The final database design for this project ended up looking something like this:
However, for this example exercise, we’re just going to play with a subset of data from a simplified subset of the database, which just looks like this:
The tables and their columns are as follows:
Sequence | |
---|---|
id | integer, primary key |
name | string |
length | integer |
belongsGroup | integer, FK seqgroup.id |
isSample | integer, FK sample.id |
isType | integer, FK seqtype.id |
Sample | |
---|---|
id | integer, primary key |
name | string |
species | string |
description | string |
SeqGroup | |
---|---|
id | integer, primary key |
name | string |
description | string |
SeqType | |
---|---|
id | integer, primary key |
type | string |
SeqRelation | |
---|---|
id | integer, primary key |
parentSeq | integer, FK sequence.id |
childSeq | integer, FK sequence.id |
strand | boolean |
pStart | integer |
pEnd | integer |
cStart | integer |
cEnd | integer |
method | string |
AlignedAnnot | |
---|---|
id | integer, primary key |
onSequence | integer, FK sequence.id |
start | integer |
end | integer |
strand | boolean |
name | string |
annotation | string |
species | string |
source | string |
method | string |
score | string |
Notes:
-
In real use, the ’sequence’ table would also contain a column for the actual DNA/RNA/protein sequences each sequence row represents (e.g. AGCATGCTAG…) but that is left out of this exercise to reduce file size.
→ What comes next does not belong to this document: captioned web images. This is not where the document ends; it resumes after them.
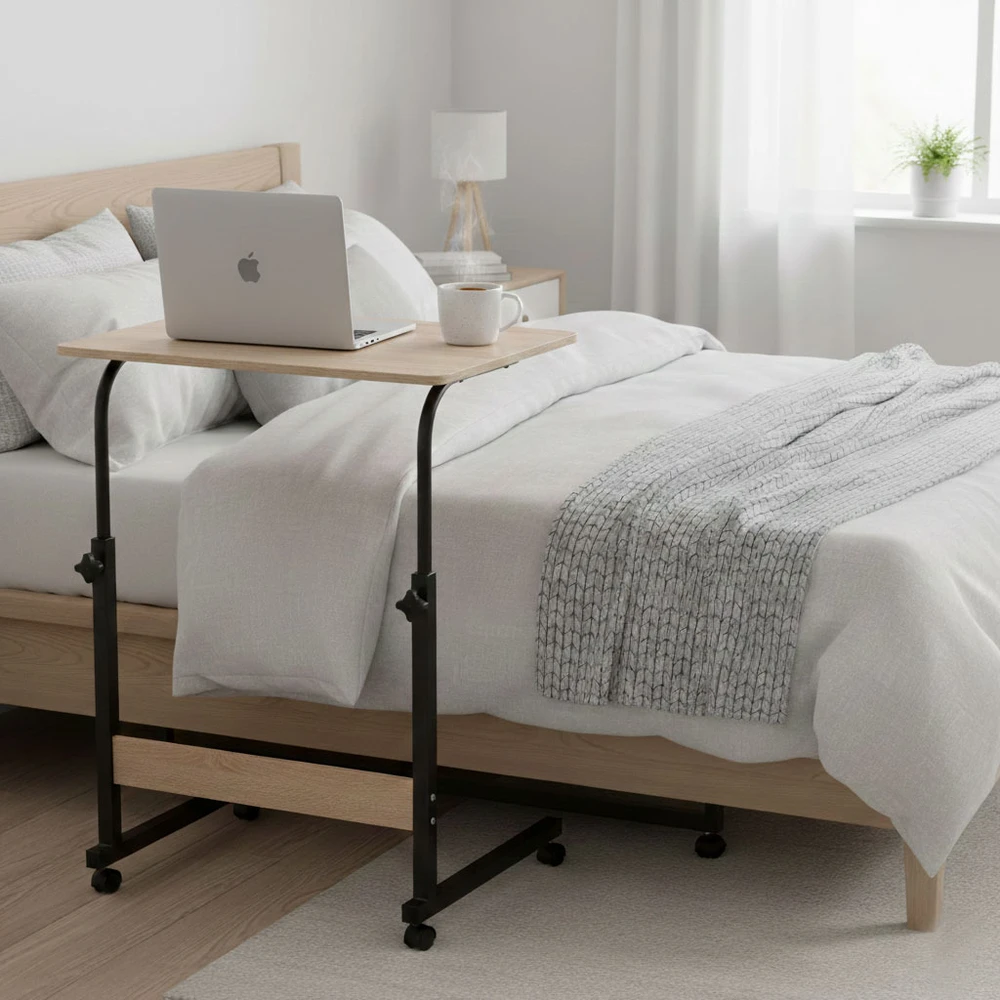 Mobile laptop table – side desk for armchair in light oak color, ModernHomedąb ModernHome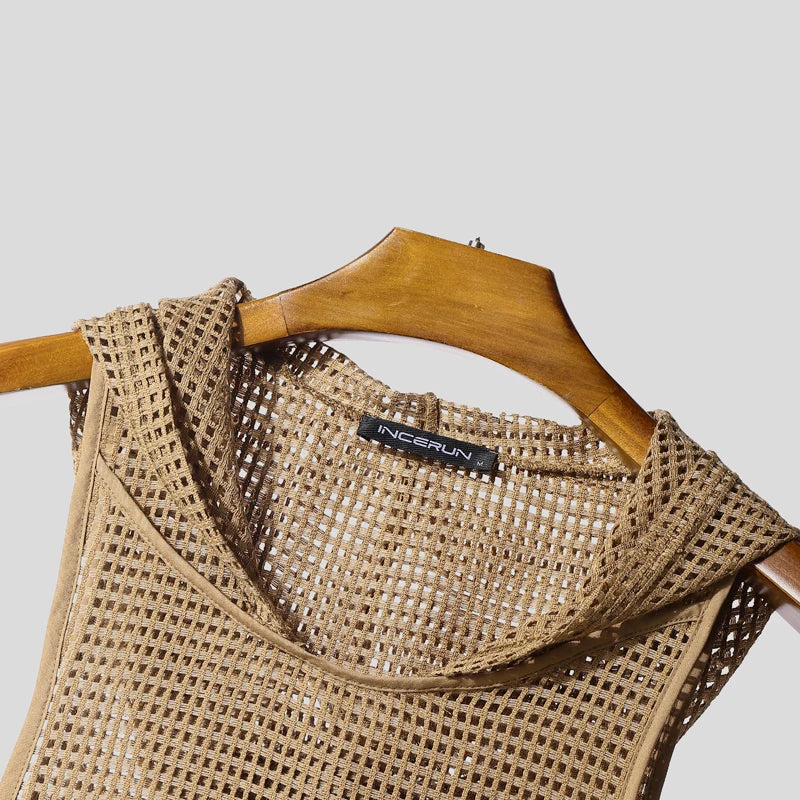 INCERUN Men Tank Tops Mesh Hollow Out Sexy See Through Hooded Sleeveless Male Vests Solid Streetwear Fashion Men Clothing S-3XL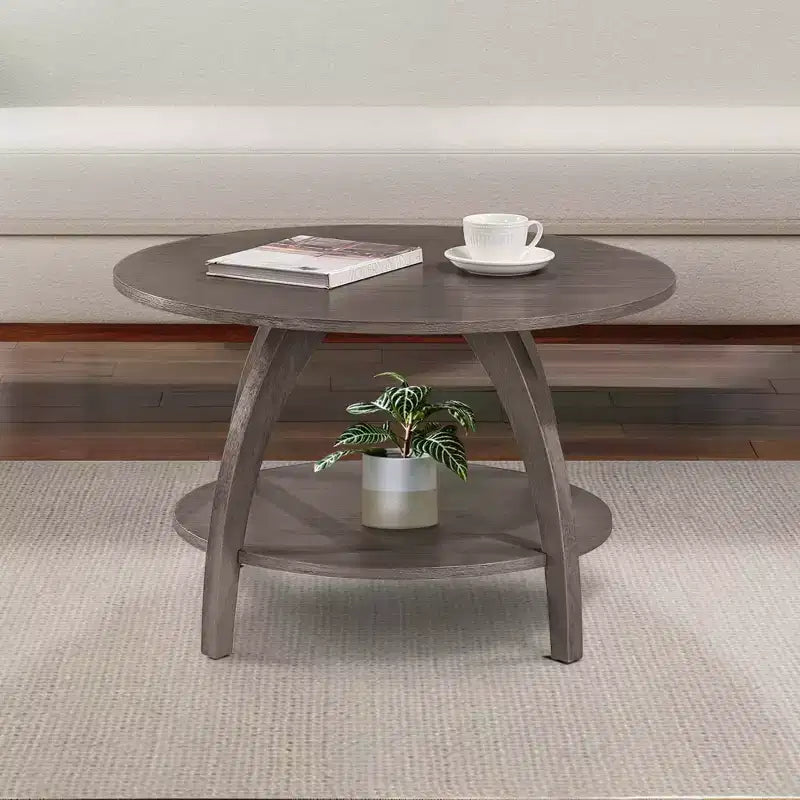 Tavolino rotondo da caffè con ripiano a 2 livelli, grigio scuro spazzolato, gambe in legno massello, 30"L x 18"A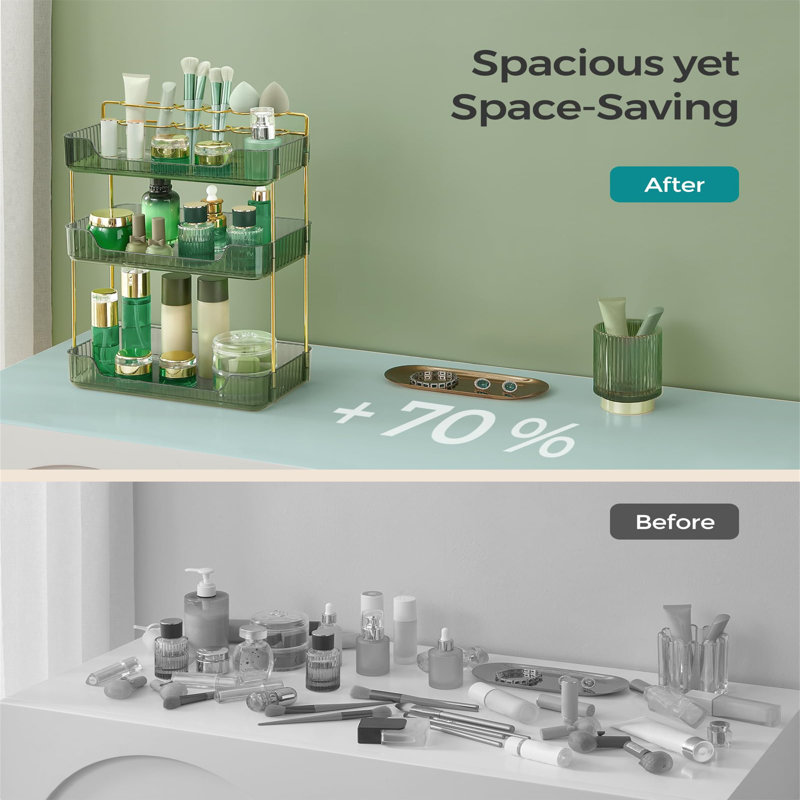Betsabeth Plastic Makeup Organiser, Green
As is, the ’sequence’ table just contains details about sequences.
-
FK = Foreign key, i.e. an ID referencing a row of a different table, creating association.
-
The ‘seqRelation’ has 2 foreign keys, both back to the sequence table, ‘childSeq’ and ‘parentSeq’. This pair defines a relationship between two sequences- that a ‘childSeq’ is a sub-sequence of a ‘parentSeq’ or that a ‘childSeq’ aligns onto a ‘parentSeq’. For example, a gene sequence that originates within a longer genome sequence, may be defined with a child/parent relationship.